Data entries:
-=-=-

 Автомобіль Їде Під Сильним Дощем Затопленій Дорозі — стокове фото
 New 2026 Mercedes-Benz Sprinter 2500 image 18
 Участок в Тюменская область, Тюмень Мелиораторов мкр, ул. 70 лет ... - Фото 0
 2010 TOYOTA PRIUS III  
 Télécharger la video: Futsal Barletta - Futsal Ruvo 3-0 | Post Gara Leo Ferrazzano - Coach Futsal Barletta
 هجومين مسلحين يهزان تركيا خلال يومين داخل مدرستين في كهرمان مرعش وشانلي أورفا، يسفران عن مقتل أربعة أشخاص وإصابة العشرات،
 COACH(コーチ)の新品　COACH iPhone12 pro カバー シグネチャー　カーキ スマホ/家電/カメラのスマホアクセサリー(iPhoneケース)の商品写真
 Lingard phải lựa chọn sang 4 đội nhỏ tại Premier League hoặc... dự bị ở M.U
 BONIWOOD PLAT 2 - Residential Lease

-=-=-

Work request:
Set the records down again in full, exactly as they read.

Result of this task:
 Автомобіль Їде Під Сильним Дощем Затопленій Дорозі — стокове фото
 New 2026 Mercedes-Benz Sprinter 2500 image 18
 Участок в Тюменская область, Тюмень Мелиораторов мкр, ул. 70 лет ... - Фото 0
 2010 TOYOTA PRIUS III  
 Télécharger la video: Futsal Barletta - Futsal Ruvo 3-0 | Post Gara Leo Ferrazzano - Coach Futsal Barletta
 هجومين مسلحين يهزان تركيا خلال يومين داخل مدرستين في كهرمان مرعش وشانلي أورفا، يسفران عن مقتل أربعة أشخاص وإصابة العشرات،
 COACH(コーチ)の新品　COACH iPhone12 pro カバー シグネチャー　カーキ スマホ/家電/カメラのスマホアクセサリー(iPhoneケース)の商品写真
 Lingard phải lựa chọn sang 4 đội nhỏ tại Premier League hoặc... dự bị ở M.U
 BONIWOOD PLAT 2 - Residential Lease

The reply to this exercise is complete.